There was a quick step behind him, the low words, "Give me the phone, David—" and Dora's hand took the receiver from his.
"Mrs. Willis? This is Dora. Your husband has gone home." She spoke slowly, distinctly, as though she were speaking to a foreigner with a limited knowledge of English, in a tone of kindly finality. "... No, Mrs. Willis. He should be there soon.... I have a call on the other line, Mrs. Willis. You just be patient and he'll be there. Goodbye."
She cradled the receiver quickly, drawing her hand away from it as though it burned her, then looked up at David's troubled face.
"You didn't know?"
He shook his head, feeling as though he had witnessed a scene of shame and humiliation he should not have seen, feeling sick at the thought that within a short time Brad Willis would walk into his home to face the woman who had just been on the telephone. "Is it—does it happen often?" he asked.
Before Dora could answer, the telephone rang again and he instinctively moved toward it. Dora's hand caught his arm. "Let it ring. That will keep up till he gets home." She took a large Manila envelope marked "David Champlin" from the desk and drew him out of the room, closing the door behind them. The unanswered summons of the ringing telephone was a lonely sound, and followed them, stayed with them as they stood at Dora's desk. She added another typescript to the nearly full envelope, then said, "Damnation!" David thought he detected something close to tears in her voice. "It's not fair. It's not fair. And she's so swell. She's such a swell person. When she's—all right."
"Then this isn't all the time?" He remembered the handsome, warm, friendly woman sitting on the edge of the big divan twisting a bright-hued handkerchief into a shapeless wad, tearing at it, drawing it back and forth through long, restless fingers, then getting up a dozen or more times during the evening on trivial errands, remembered his own puzzlement at her tense nervousness.
"Not all the time. Sometimes she's all right, and then Mr. Willis is like a different person. You can tell the minute he comes in. He's so wonderful to her, David, and so patient. It just isn't fair." She slammed the center drawer of her desk shut with a bang. The ringing of the telephone had stopped a moment before; now it started again. "Let it alone," she said. "You'd have found out about it anyhow, David, after you'd been around a while. But it's
sort of a jolt, getting it that way —one of those phone calls. She calls everywhere—even courthouses and clients' offices sometimes. Everyone knows about it and everyone's so fond of them both. Only, no one will talk about it. I guess I'm just letting off steam." She handed him the envelope. "Walk me to the subway?"
"Of course."
After they left the elevator and could not be overheard she said, almost fiercely, "Peg Willis is one of the grandest people I know. Do you know what she did after my mother got a fractured pelvis in a fall? After Mom got out of the hospital Mrs. Willis sent a practical nurse—wouldn't let me say a word—to take care of Mom while I was working. For a whole month. Mom's the one who had to insist she didn't need one anymore because she was better off taking care of
herself. Mom and I have prayed to just about every saint we know about, and I've made Novenas. Perhaps they'll work in time. Perhaps it has to be this way for a while—"
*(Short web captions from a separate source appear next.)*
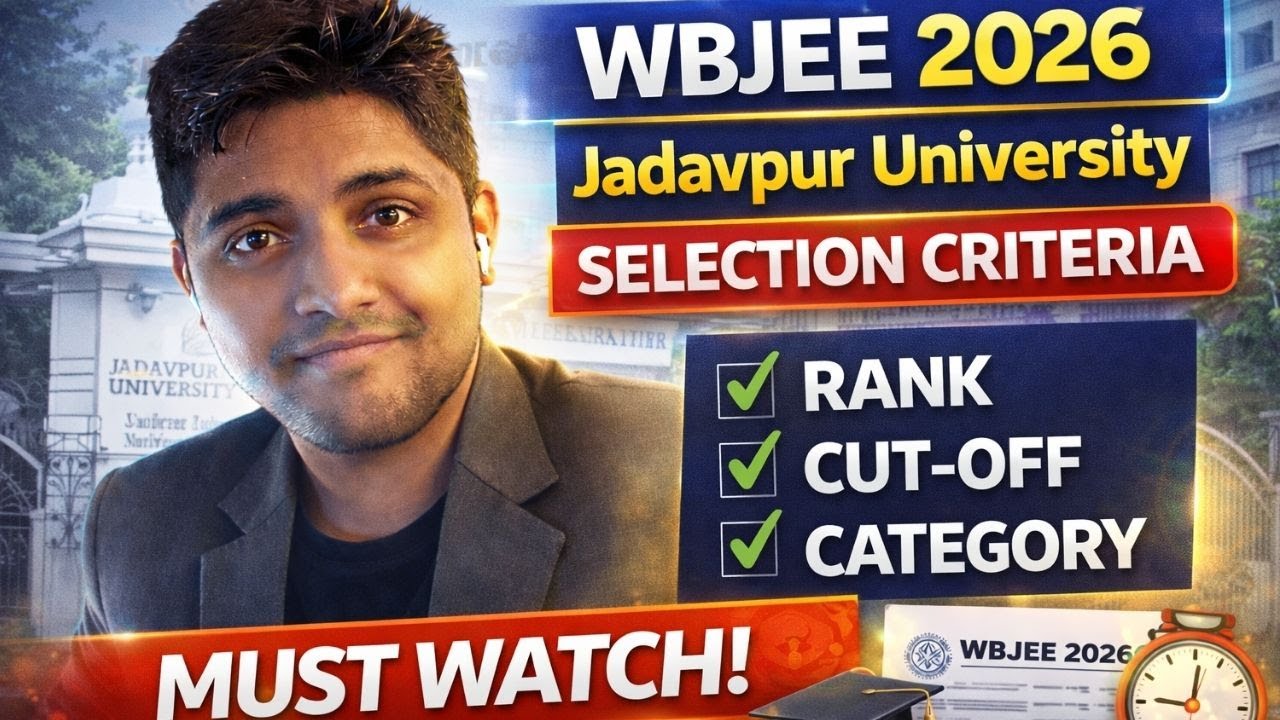 WBJEE 2026 Jadavpur University Selection Criteria | Cutoff, Rank, Counselling Explained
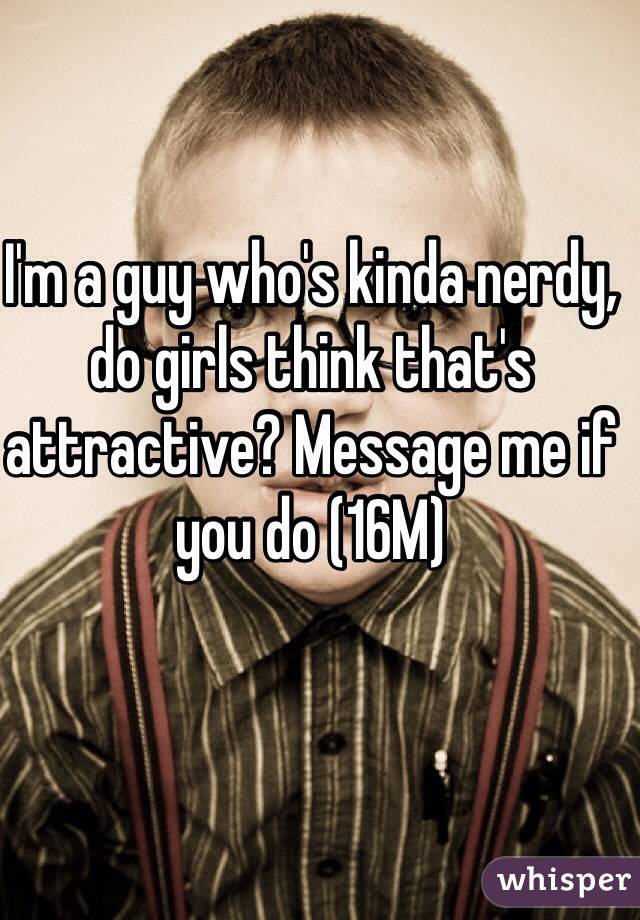 I'm a guy who's kinda nerdy, do girls think that's attractive? Message me if you do (16M)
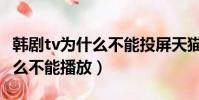 韓劇tv為什么不能投屏天貓魔盒(韓劇tv為什么不能播放)
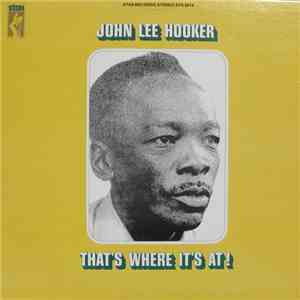 John Lee Hooker - That's Where It's At download mp3 flac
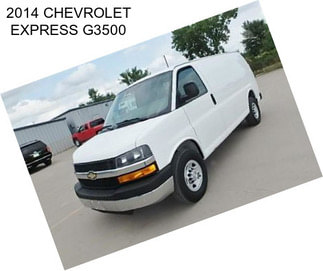 2014 CHEVROLET EXPRESS G3500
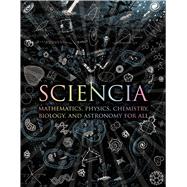 Sciencia Mathematics, Physics, Chemistry, Biology, and Astronomy for All 9780802778994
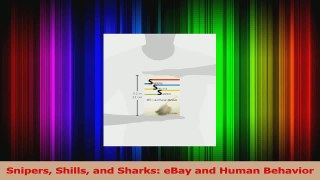 Snipers Shills and Sharks eBay and Human Behavior Read Online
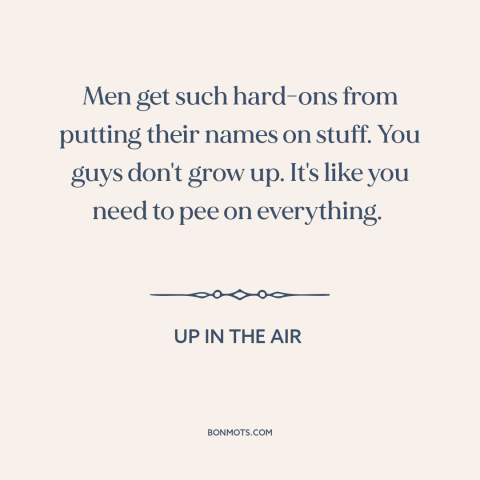 A quote from Up in the Air about nature of men: “Men get such hard-ons from putting their names on stuff. You guys don't…”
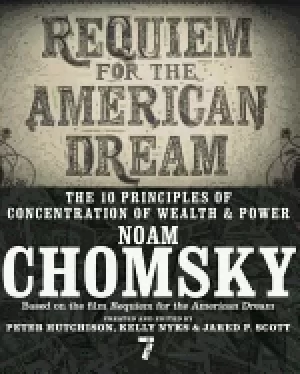 Image of requiem for the american dream the 10 principles of concentration of wealth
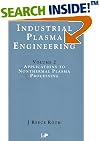 Industrial Plasma Engineering: Applications (Industrial Plasma Engineering, Vol 2)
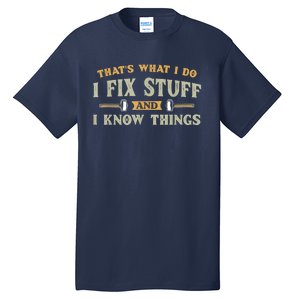 That's What I Do I Fix Stuff And I Know Things Funny Saying Tall T-Shirt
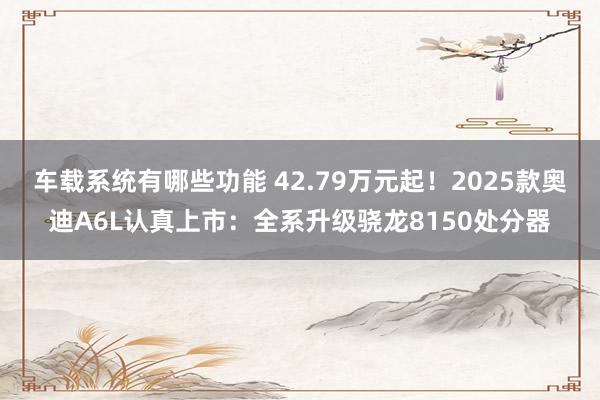 车载系统有哪些功能 42.79万元起！2025款奥迪A6L认真上市：全系升级骁龙8150处分器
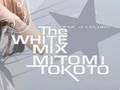 [ PV ] MITOMI TOKOTO HOUSE of COLORS - The WHITE MIX -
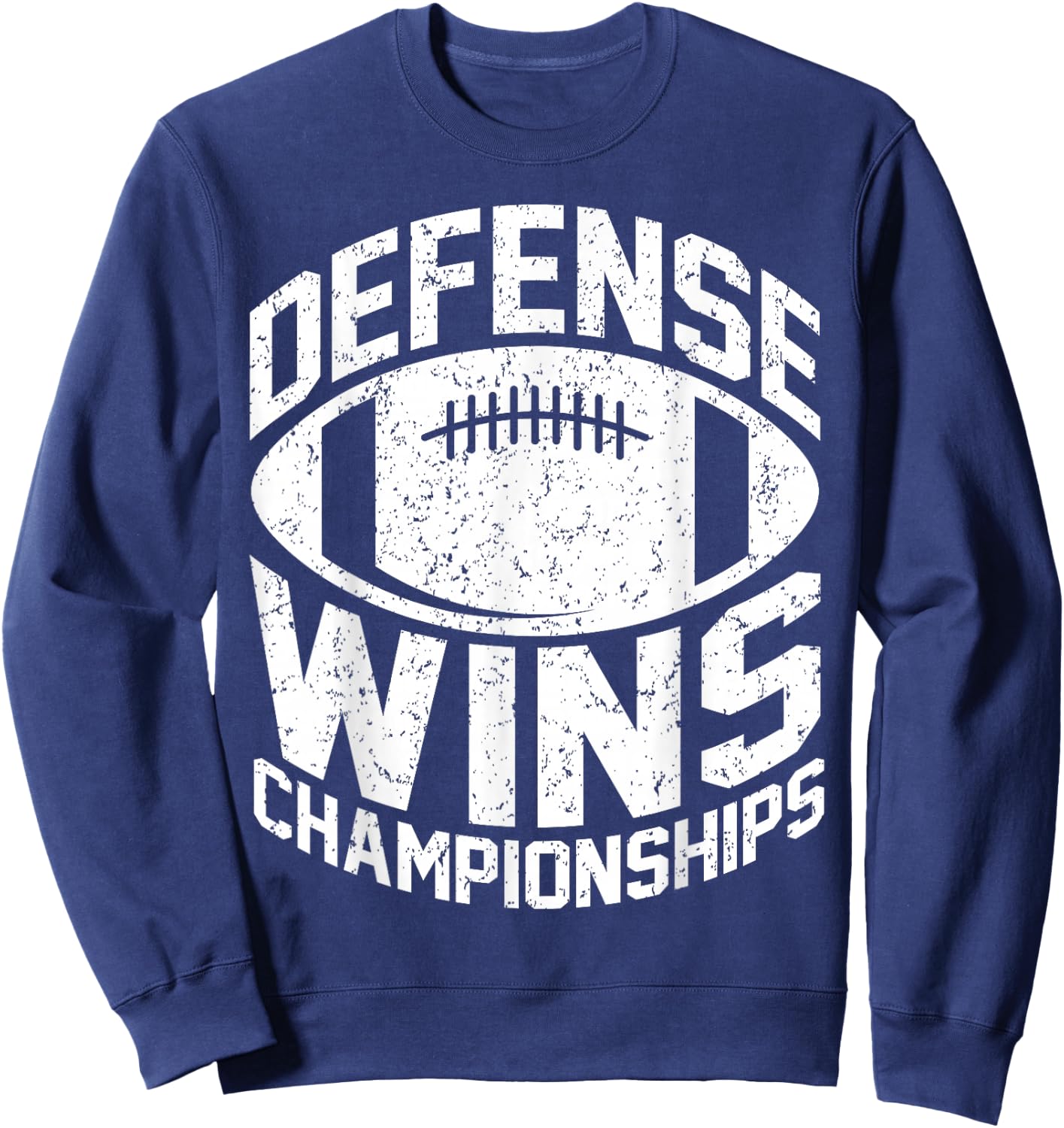 Defense wins Championships | Football Defence Lineman Sweatshirt - Sweatshirt | Navy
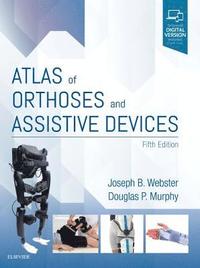 Atlas of Orthoses and Assistive Devices (inbunden)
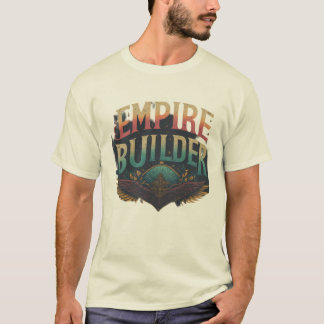 Empire Builder T Shirt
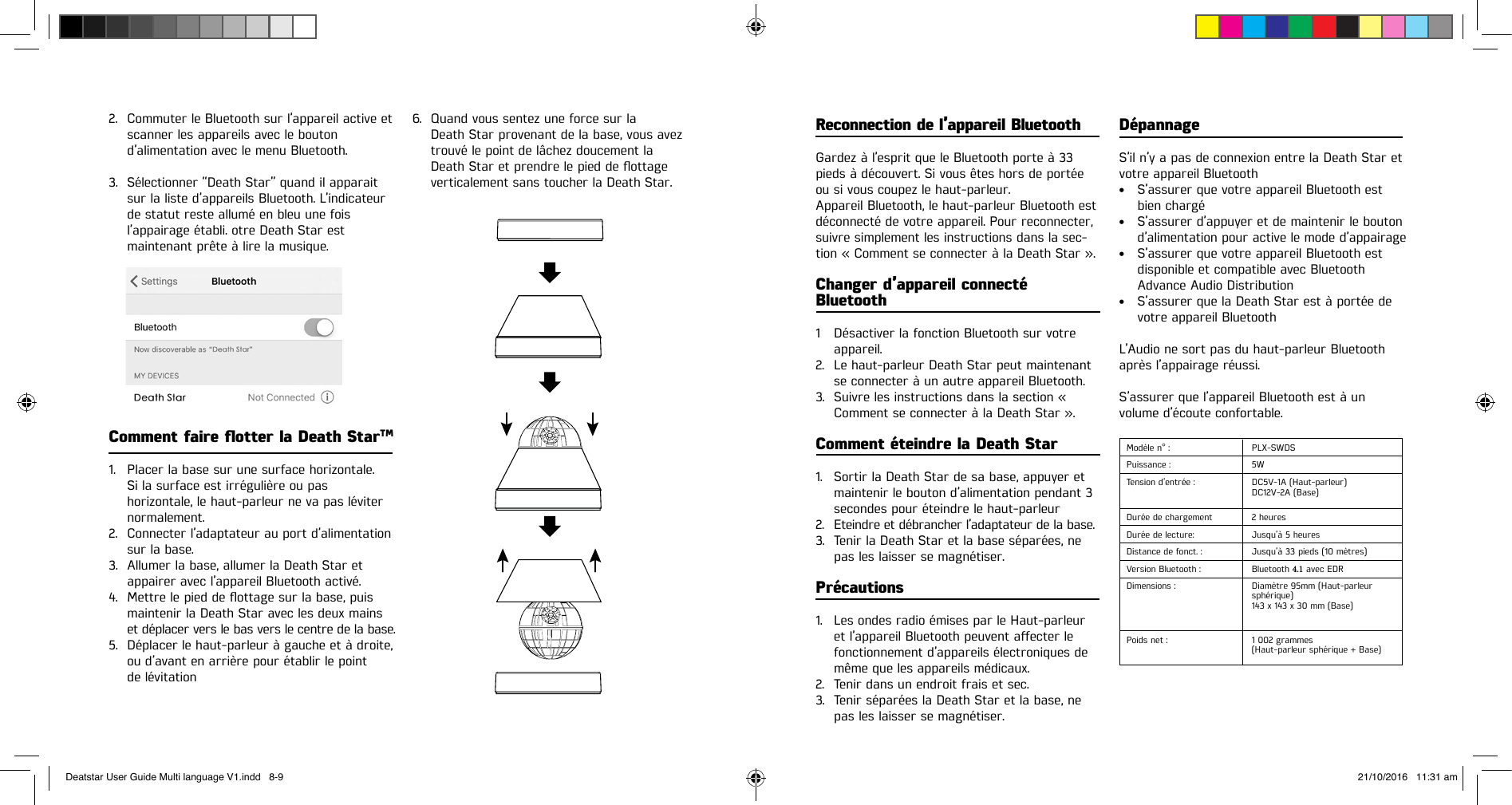 2. Commuter le Bluetooth sur l’appareil active etscanner les appareils avec le boutond’alimentation avec le menu Bluetooth.3. Sélectionner “Death Star” quand il apparaitsur la liste d’appareils Bluetooth. L’indicateurde statut reste allumé en bleu une foisl’appairage établi. otre Death Star estmaintenant prête à lire la musique.Comment faire otter la Death StarTM1. Placer la base sur une surface horizontale.Si la surface est irrégulière ou pashorizontale, le haut-parleur ne va pas léviternormalement.2. Connecter l’adaptateur au port d’alimentationsur la base.3. Allumer la base, allumer la Death Star et appairer avec l’appareil Bluetooth activé.4. Mettrelepieddeottagesurlabase,puismaintenir la Death Star avec les deux mainset déplacer vers le bas vers le centre de la base.5. Déplacer le haut-parleur à gauche et à droite,ou d’avant en arrière pour établir le pointde lévitation6. Quand vous sentez une force sur laDeath Star provenant de la base, vous aveztrouvé le point de lâchez doucement laDeathStaretprendrelepieddeottageverticalement sans toucher la Death Star.Reconnection de l’appareil BluetoothGardez à l’esprit que le Bluetooth porte à 33 pieds à découvert. Si vous êtes hors de portée ou si vous coupez le haut-parleur.Appareil Bluetooth, le haut-parleur Bluetooth est déconnecté de votre appareil. Pour reconnecter, suivre simplement les instructions dans la sec-tion « Comment se connecter à la Death Star ».Changer d’appareil connecté Bluetooth1  Désactiver la fonction Bluetooth sur votre appareil.2. Le haut-parleur Death Star peut maintenantse connecter à un autre appareil Bluetooth.3. Suivre les instructions dans la section «Comment se connecter à la Death Star ».Comment éteindre la Death Star1. Sortir la Death Star de sa base, appuyer etmaintenir le bouton d’alimentation pendant 3secondes pour éteindre le haut-parleur2. Eteindre et débrancher l’adaptateur de la base.3. Tenir la Death Star et la base séparées, nepas les laisser se magnétiser.Précautions1. Les ondes radio émises par le Haut-parleuretl’appareilBluetoothpeuventaecterlefonctionnement d’appareils électroniques demême que les appareils médicaux.2. Tenir dans un endroit frais et sec.3. Tenir séparées la Death Star et la base, nepas les laisser se magnétiser.DépannageS’il n’y a pas de connexion entre la Death Star et votre appareil Bluetooth• S’assurer que votre appareil Bluetooth estbien chargé• S’assurer d’appuyer et de maintenir le boutond’alimentation pour active le mode d’appairage• S’assurer que votre appareil Bluetooth estdisponible et compatible avec BluetoothAdvance Audio Distribution• S’assurer que la Death Star est à portée devotre appareil BluetoothL’Audio ne sort pas du haut-parleur Bluetooth après l’appairage réussi.S’assurer que l’appareil Bluetooth est à unvolume d’écoute confortable.Modèle n° : PLX-SWDSPuissance : 5WTension d’entrée : DC5V-1A (Haut-parleur)DC12V-2A (Base)Durée de chargement  2 heuresDurée de lecture: Jusqu’à 5 heuresDistance de fonct. : Jusqu’à 33 pieds (10 mètres)Version Bluetooth : Bluetooth 4.1 avec EDRDimensions : Diamètre 95mm (Haut-parleur sphérique)143 x 143 x 30 mm (Base)Poids net : 1 002 grammes(Haut-parleur sphérique + Base)Deatstar User Guide Multi language V1.indd   8-9 21/10/2016   11:31 am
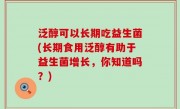泛醇可以长期吃益生菌(长期食用泛醇有助于益生菌增长，你知道吗？)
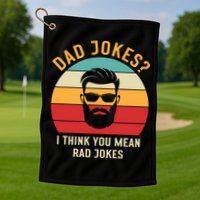 Dad Jokes I Think You Mean Rad Jokes Funny Dads Golf Towel
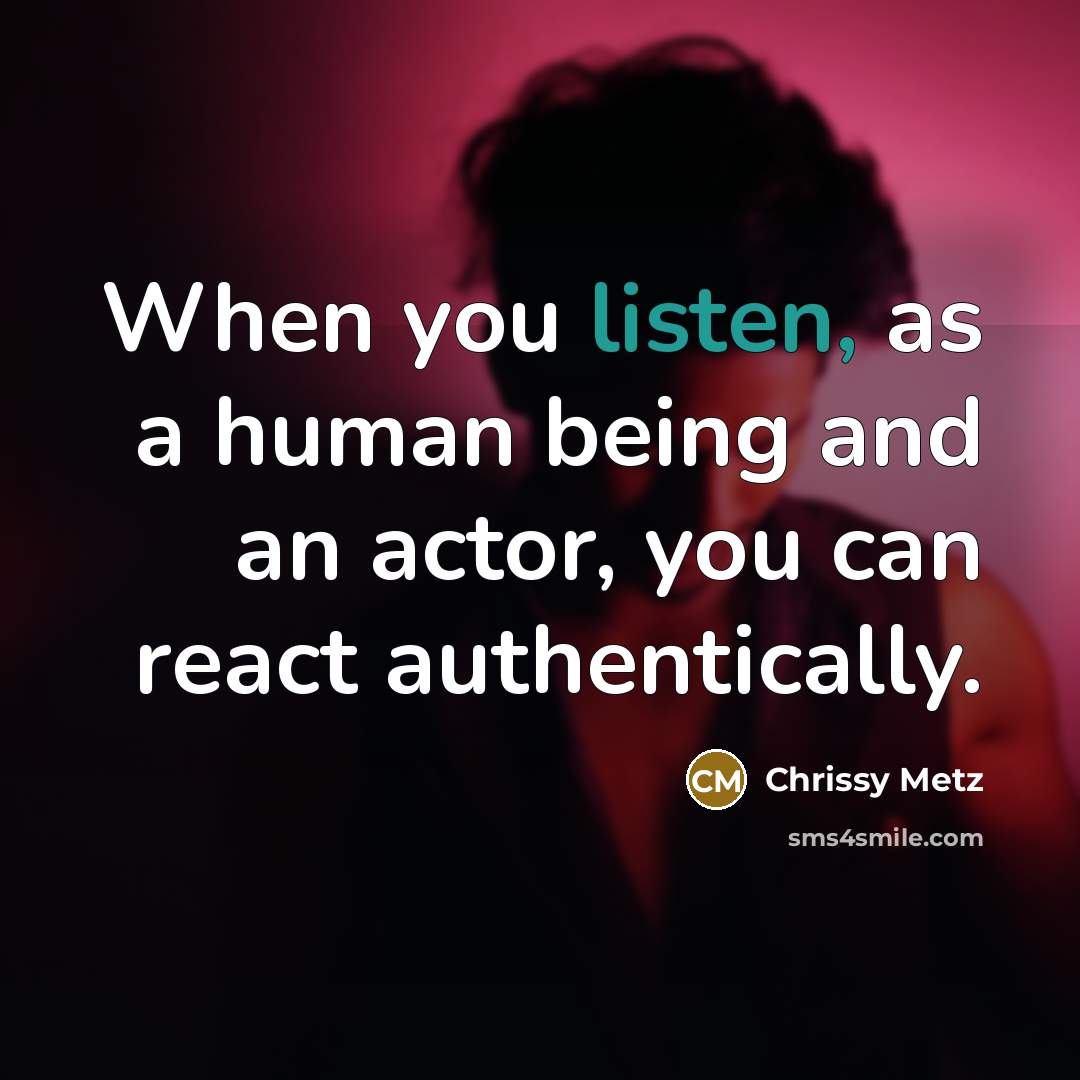 “When you listen, as a human being and an actor,…” quote by Chrissy Metz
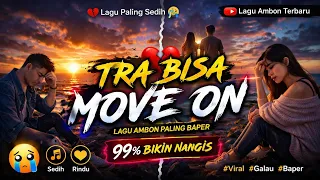 tra bisa move on lagu ambon terbaru bikin baper mr laning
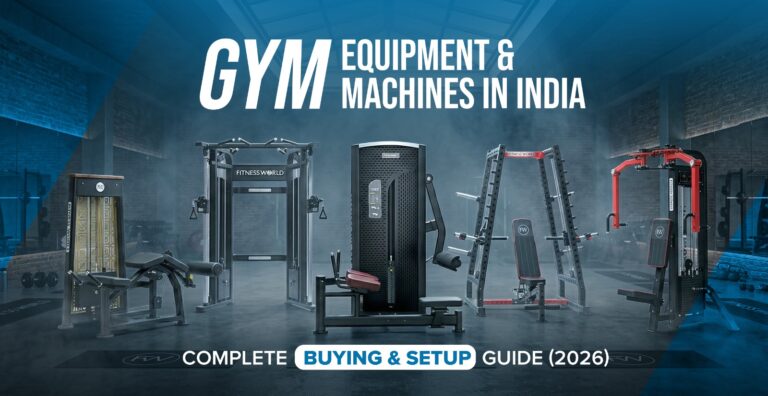 Gym Equipment in India: Buying & Setup Guide 2026 | Fitness World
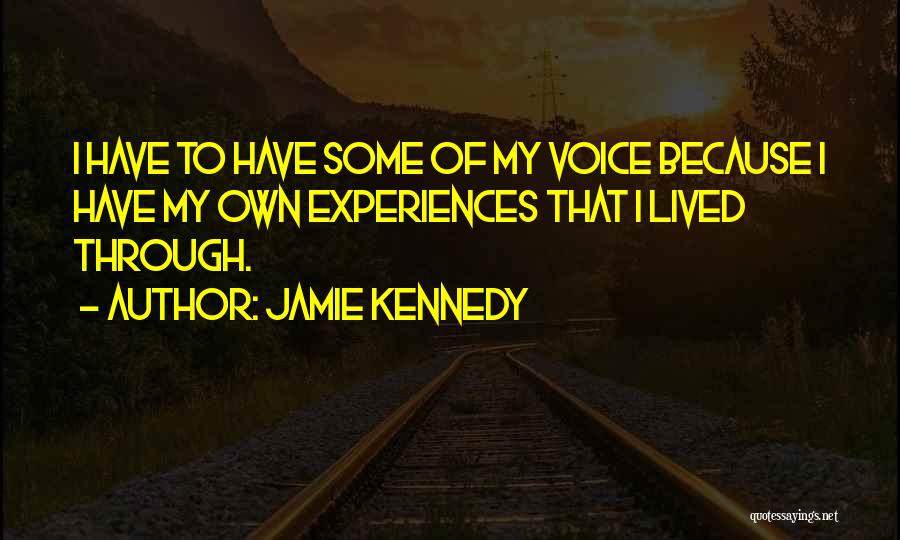 Jamie Kennedy Quotes: I Have To Have Some Of My Voice Because I Have My Own Experiences That I Lived Through.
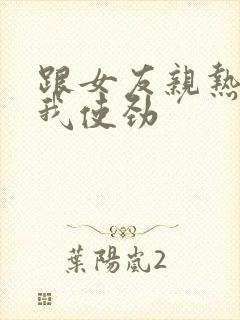 跟女友亲热她让我使劲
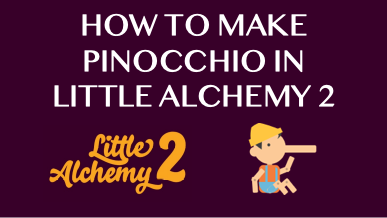 How To Make Pinocchio In Little Alchemy 2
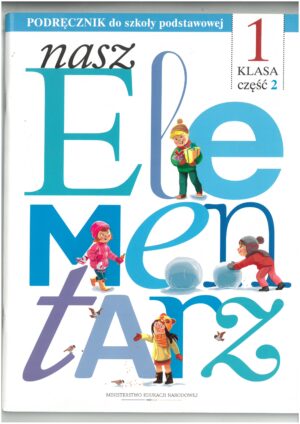 NASZ ELEMENTARZ KL 1 PODRĘCZNIK CZĘŚĆ 2
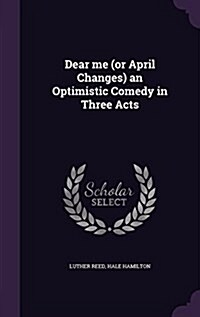 Dear Me (or April Changes) an Optimistic Comedy in Three Acts (Hardcover)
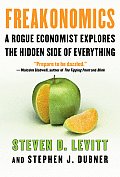 Freakonomics A Rogue Economist Explores the Hidden Side of Everything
They reached the subway entrance, and as they went down the stairs Dora said, "I've talked your arm off."
"It's been good for you."
"Anyhow, now you'll understand. Once in a while Mr. Willis is nervous and fractious—"
"My God, who wouldn't be!"
"It's easier for him if people understand. You'll say a prayer for him? And her?"
"Sure will. You can count on it, Dora."
She smiled up at him. "Funny, isn't it, how we know the people we can say things like that to and not be laughed at? See you next week—"
***
The following Sunday Hunter Travis arrived at David's apartment just after Sara, in paint-smeared smock, had appeared for breakfast. He had just arrived at the airport an hour or so earlier, he said, checked in at a hotel and come directly up there.